Horizontal Pod Autoscaler
A Horizontal Pod Autoscaler (HPA) watches your pods and adjusts the replica count based on observed metrics. For example, if CPU usage exceeds 70%, it adds more pods. When usage drops, it scales back down to save resources.
The HPA continuously monitors metrics and makes smooth adjustments—it won’t instantly scale from 2 to 100 pods, but will increase gradually to avoid thrashing:
apiVersion: autoscaling/v2
kind: HorizontalPodAutoscaler
metadata:
name: myapp
spec:
scaleTargetRef:
apiVersion: apps/v1
kind: Deployment
name: myapp
minReplicas: 2
maxReplicas: 10
metrics:
- type: Resource
resource:
name: cpu
target:
type: Utilization
averageUtilization: 70
- type: Resource
resource:
name: memory
target:
type: Utilization
averageUtilization: 80
Custom Metrics
Scale based on request rate (requires metrics-server and prometheus-adapter):
apiVersion: autoscaling/v2
kind: HorizontalPodAutoscaler
metadata:
name: myapp
spec:
scaleTargetRef:
apiVersion: apps/v1
kind: Deployment
name: myapp
minReplicas: 2
maxReplicas: 20
metrics:
- type: Pods
pods:
metric:
name: http_requests_per_second
target:
type: AverageValue
averageValue: "100"
Rolling Updates
When you deploy a new version of your application, you don’t want downtime. Rolling updates solve this by gradually replacing old pods with new ones. Kubernetes starts a new pod, waits for it to be healthy, then terminates an old pod. This continues until all pods are running the new version.

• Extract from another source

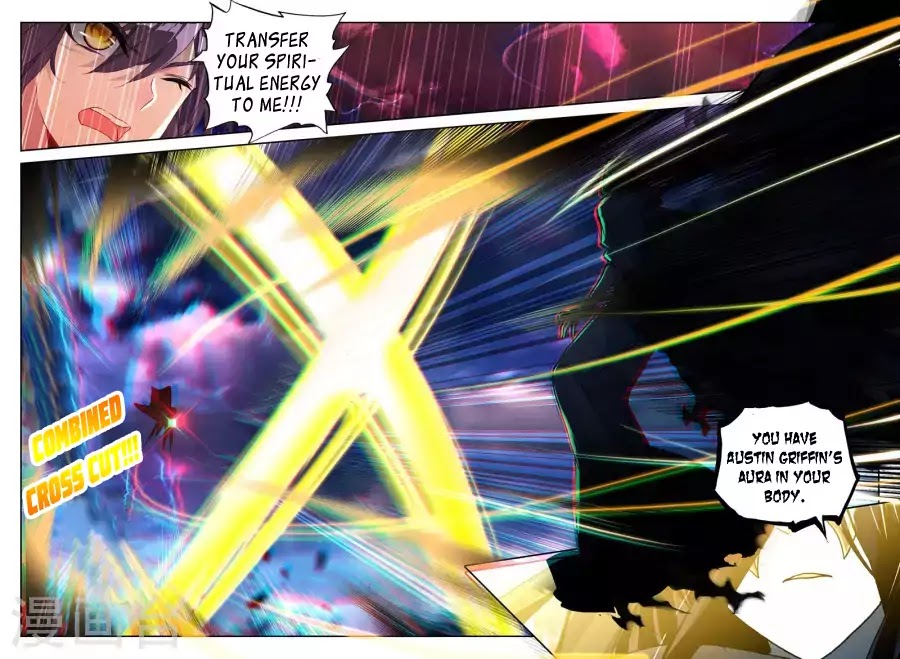 Shen Yin Wang Zuo Chapter 125 page 12 - Chapter 125: Hao Yue's Evolution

If the new version has problems (failing health checks), Kubernetes stops the rollout and you can easily roll back to the previous version. This makes deployments much safer than traditional “stop everything, deploy, start everything” approaches.
Deployment Strategy
apiVersion: apps/v1
kind: Deployment
metadata:
name: myapp
spec:
replicas: 3
strategy:
type: RollingUpdate
rollingUpdate:
maxSurge: 1 # Allow 1 extra pod during update
maxUnavailable: 0 # Never have less than replicas
template:
spec:
containers:
- name: myapp
image: myregistry/myapp:v1.0.0
# Graceful shutdown
lifecycle:
preStop:
exec:
command: ["/bin/sh", "-c", "sleep 10"]
# Wait for pod to be ready before continuing rollout
terminationGracePeriodSeconds: 30
# Update image
kubectl set image deployment/myapp myapp=myregistry/myapp:v1.1.0
# Watch rollout
kubectl rollout status deployment/myapp
# Rollback if needed
kubectl rollout undo deployment/myapp
Resource Management
In a shared cluster, you need to control how much CPU and memory each application can use. Without limits, one misbehaving app could consume all resources and crash other apps. Kubernetes uses requests and limits to manage resource allocation.
Requests vs Limits
Requests tell Kubernetes the minimum resources your app needs. The scheduler uses this to decide which node to place your pod on—it won’t place a pod on a node that can’t satisfy its requests.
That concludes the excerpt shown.